Segment Start: Listed records
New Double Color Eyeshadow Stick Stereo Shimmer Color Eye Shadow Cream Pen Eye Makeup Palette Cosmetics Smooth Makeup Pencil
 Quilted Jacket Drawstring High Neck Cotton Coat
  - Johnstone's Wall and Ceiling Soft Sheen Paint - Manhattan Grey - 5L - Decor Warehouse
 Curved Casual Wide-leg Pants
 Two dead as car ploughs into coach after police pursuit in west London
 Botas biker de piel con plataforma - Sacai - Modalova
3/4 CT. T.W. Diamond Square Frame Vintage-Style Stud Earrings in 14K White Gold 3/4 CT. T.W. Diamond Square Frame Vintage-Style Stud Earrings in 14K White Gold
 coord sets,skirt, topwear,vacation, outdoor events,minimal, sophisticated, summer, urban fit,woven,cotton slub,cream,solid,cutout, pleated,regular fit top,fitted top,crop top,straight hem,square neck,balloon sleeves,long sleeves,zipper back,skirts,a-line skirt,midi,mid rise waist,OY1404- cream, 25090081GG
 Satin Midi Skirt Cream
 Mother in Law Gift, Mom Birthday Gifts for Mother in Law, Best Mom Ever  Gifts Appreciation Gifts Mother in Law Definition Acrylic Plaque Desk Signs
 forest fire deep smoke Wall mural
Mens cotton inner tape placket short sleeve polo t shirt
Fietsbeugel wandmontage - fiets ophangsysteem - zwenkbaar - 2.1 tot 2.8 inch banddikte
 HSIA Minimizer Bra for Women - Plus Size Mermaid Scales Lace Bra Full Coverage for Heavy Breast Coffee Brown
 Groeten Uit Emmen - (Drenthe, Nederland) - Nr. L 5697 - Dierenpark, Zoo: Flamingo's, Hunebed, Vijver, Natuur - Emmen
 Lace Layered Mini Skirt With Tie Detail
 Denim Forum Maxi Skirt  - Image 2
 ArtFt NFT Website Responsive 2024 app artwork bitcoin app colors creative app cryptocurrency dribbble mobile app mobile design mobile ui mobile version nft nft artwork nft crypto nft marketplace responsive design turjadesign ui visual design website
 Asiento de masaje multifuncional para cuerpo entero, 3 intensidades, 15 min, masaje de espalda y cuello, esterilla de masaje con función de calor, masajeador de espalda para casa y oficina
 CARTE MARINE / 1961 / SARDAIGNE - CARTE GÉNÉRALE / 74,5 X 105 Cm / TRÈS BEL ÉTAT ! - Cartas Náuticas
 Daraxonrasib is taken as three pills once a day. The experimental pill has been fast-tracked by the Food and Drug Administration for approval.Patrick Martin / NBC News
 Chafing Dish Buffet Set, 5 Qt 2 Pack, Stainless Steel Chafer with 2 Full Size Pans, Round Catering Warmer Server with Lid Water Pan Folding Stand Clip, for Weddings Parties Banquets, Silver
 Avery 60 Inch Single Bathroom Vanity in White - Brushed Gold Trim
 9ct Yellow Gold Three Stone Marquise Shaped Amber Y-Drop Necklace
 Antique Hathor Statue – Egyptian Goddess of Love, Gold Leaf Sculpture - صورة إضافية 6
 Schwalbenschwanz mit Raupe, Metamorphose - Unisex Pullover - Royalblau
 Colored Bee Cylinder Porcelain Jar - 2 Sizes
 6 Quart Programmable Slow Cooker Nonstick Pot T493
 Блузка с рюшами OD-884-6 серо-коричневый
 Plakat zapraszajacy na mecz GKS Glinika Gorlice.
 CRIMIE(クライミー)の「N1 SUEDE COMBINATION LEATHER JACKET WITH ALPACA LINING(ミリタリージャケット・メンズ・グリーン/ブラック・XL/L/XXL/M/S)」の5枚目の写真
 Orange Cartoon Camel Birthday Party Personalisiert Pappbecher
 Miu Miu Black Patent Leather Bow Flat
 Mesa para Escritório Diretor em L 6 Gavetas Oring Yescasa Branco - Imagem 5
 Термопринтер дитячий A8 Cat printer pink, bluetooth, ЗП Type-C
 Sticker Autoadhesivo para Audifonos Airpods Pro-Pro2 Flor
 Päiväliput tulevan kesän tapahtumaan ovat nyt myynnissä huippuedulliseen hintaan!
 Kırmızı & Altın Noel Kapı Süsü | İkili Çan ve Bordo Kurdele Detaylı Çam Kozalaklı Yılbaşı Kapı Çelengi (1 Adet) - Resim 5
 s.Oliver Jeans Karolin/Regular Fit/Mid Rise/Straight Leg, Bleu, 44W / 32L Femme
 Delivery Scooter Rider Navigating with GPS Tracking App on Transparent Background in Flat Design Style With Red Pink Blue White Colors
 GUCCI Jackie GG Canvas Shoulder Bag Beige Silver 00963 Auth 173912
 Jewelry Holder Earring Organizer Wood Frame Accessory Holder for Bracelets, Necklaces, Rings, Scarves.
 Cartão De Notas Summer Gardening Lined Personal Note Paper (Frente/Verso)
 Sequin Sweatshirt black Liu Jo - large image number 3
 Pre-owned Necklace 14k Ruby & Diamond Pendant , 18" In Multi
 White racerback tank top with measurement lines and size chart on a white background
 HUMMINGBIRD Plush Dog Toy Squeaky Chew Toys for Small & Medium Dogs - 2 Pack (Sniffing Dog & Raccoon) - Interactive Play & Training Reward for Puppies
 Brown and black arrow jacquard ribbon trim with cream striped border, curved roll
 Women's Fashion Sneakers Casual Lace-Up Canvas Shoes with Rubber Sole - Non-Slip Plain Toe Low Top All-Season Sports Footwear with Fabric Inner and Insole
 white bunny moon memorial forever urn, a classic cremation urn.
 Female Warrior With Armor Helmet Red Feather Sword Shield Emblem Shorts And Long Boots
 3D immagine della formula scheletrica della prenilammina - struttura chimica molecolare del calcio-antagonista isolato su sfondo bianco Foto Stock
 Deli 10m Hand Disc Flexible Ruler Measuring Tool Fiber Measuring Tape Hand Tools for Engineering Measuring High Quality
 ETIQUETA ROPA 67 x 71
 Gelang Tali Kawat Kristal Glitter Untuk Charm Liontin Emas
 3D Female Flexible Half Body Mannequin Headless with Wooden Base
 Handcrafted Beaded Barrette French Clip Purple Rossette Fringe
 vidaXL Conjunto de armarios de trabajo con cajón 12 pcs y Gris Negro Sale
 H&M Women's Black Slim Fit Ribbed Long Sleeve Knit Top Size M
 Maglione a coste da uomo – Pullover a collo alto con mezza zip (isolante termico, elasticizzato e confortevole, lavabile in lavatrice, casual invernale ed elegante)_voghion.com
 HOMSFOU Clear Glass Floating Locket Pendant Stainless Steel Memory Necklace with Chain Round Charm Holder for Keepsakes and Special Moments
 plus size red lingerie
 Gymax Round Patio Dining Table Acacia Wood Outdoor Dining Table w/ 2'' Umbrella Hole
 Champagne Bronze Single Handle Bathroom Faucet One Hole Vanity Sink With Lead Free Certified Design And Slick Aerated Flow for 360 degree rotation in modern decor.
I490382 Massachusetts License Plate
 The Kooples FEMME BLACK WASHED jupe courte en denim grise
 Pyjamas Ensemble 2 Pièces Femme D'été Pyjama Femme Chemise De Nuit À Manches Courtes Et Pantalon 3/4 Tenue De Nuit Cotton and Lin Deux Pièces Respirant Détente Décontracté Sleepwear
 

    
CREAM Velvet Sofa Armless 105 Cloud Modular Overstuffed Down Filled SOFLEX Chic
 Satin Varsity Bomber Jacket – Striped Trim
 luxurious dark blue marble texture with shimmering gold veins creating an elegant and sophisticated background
Segment End: Listed records
The task: Search the entries for the word "Vanity" and pick out every line that holds it.

Reply to the exercise:
 Avery 60 Inch Single Bathroom Vanity in White - Brushed Gold Trim
 Champagne Bronze Single Handle Bathroom Faucet One Hole Vanity Sink With Lead Free Certified Design And Slick Aerated Flow for 360 degree rotation in modern decor.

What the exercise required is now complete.